Chaos, destruction and death, the sum of each man’s journey through life. Ivo first experienced the brutal trinity at a tender age. Even now, all these years later, he could still vividly recall that night in 1943 when British RAF pilots rained deadly bombs on Berlin’s sleeping neighbourhoods. An act of callous savagery, thousands were immolated alive, with Ivo’s own grandparents among the victims. But to the Allies utter disbelief, Berliners rose up from the ashes, Phoenix-like, the firebird heroically transformed into a Reichsadler, the proud eagle of the Reich.

Seized with patriotic fervour, his own spirit burnished in the flames, Ivo straight away joined the Hitler-Jugend. Eleven years and three days of age, he proudly wore the black shorts, long-sleeved brown shirt and peaked cap. And though he couldn’t fully grasp the meaning of the slogan ‘Blood and Honour’, he nonetheless shouted it with great ferocity at war rallies. Assigned to an anti-aircraft crew, he was trained to use a flak gun. Bursting with pride, his mother Berthe showered him with adoring kisses. His father, stationed at the SS Headquarters in Wewelsburg, sent letters commending Ivo for his unparalleled bravery.

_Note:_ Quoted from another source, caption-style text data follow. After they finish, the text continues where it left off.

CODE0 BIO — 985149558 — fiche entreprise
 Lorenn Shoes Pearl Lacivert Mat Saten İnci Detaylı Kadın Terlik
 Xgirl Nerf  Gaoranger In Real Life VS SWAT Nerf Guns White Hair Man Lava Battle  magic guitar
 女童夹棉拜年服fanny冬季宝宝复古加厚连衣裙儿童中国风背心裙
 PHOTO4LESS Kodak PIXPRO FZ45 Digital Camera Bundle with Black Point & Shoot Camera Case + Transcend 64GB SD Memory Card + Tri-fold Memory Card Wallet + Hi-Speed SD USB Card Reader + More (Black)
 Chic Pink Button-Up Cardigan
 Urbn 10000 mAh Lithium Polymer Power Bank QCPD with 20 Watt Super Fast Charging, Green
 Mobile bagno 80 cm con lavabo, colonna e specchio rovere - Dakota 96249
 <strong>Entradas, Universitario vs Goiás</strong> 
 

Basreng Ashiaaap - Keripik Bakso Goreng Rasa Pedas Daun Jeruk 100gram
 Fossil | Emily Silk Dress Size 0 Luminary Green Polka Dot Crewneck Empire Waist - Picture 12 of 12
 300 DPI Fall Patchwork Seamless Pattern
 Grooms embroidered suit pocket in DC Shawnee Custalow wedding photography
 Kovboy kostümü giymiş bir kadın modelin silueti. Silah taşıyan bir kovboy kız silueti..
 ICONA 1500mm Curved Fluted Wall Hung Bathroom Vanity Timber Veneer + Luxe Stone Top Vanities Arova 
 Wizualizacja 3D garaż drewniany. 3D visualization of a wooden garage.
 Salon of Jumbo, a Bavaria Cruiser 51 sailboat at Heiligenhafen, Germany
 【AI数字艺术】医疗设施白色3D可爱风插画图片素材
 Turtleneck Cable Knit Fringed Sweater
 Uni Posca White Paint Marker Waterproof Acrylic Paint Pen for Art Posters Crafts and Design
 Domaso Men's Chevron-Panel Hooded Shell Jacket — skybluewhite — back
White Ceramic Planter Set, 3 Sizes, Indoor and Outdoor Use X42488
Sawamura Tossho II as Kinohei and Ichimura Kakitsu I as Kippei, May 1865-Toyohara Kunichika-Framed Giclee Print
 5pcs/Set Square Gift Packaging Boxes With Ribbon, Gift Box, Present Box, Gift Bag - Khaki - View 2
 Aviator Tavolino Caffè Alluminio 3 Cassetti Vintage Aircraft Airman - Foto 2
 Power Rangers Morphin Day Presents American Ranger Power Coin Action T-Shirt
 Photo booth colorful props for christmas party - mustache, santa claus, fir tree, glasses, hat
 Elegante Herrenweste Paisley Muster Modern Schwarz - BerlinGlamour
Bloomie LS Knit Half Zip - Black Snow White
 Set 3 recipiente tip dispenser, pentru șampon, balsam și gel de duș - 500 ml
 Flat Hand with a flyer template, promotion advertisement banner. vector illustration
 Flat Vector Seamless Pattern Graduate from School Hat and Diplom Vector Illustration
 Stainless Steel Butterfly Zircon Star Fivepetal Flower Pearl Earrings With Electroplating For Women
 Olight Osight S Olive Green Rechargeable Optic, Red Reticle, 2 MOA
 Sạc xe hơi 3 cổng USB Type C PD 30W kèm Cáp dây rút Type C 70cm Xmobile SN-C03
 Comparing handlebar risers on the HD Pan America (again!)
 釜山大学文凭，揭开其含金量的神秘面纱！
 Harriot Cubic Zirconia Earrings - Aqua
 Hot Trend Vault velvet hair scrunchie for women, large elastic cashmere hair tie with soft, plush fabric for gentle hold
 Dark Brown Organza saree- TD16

That bravery was put to a gruelling test seventeen months later when Ivo was issued a steel helmet, a Panzerfaust anti-tank weapon and a bolt-action rifle with one hundred rounds of ammunition. Marching in perfect unison, heel to toe as they’d been trained, Ivo and his regiment of Hitler-Jugend were ordered to take up a position on the Pichelsdorf Bridge. Part of the last German defence, the ‘boy brigade’ was to halt the Russian advance and prevent the enemy from entering Berlin.

For two gore-filled days, they held their ground. Of the five thousand boys sent to the bridge, only five hundred remained standing at the end of those horrific forty-eight hours. Just as the jubilant Red horde stormed across the bridge, Ivo was severely wounded in a mortar blast.

When he finally regained consciousness in an American field hospital, the Führer was dead, Germany a conquered nation. Bandaged from head to foot, immobilized in a traction device, Ivo was filled with shame.

If I’d only fought harder. Fired more bullets. Killed more Russians.

Six months would pass before he was discharged from the military hospital with a wooden cane, a Hershey’s chocolate bar and a silver Reichspfennig coin. Oskar Baader, a grey-haired, bespectacled man who’d been his father’s colleague in the physics department at Göttingen University, met him at the hospital gate. On the train ride to Göttingen, the professor informed Ivo that his mother had been killed during the Russian attack on Berlin and that his father, who’d risen within the SS to the rank of Oberführer, was a wanted fugitive. The shock more than he could bear, Ivo burst into tears.

As the months passed, Ivo settled into his new life in Göttingen with the elderly Baader couple, marching drills and combat practice replaced with violin lessons and science tutorials. Eventually the sorrow faded. In its stead was a wide-eyed curiosity as encoded letters from his father – postmarked from such far-flung places as Lisbon, Genoa and Cairo – began to arrive at the flat.

With each encoded letter, more and more of an incredible tale began to unfold. According to the missives, his father had been assigned to a highly-classified research project under the auspices of the Ahnenerbe. The project, which involved an ancient relic known as the Lapis Exillis, had been sanctioned by the Führer himself. Even more amazing, although the war had ended and the surviving members of the Ahnenerbe were either on the run or facing a military tribunal in Nuremberg, Friedrich Uhlemann still actively sought the relic. His father claimed that this relic contained unique properties that could be used to harness a heretofore untapped energy.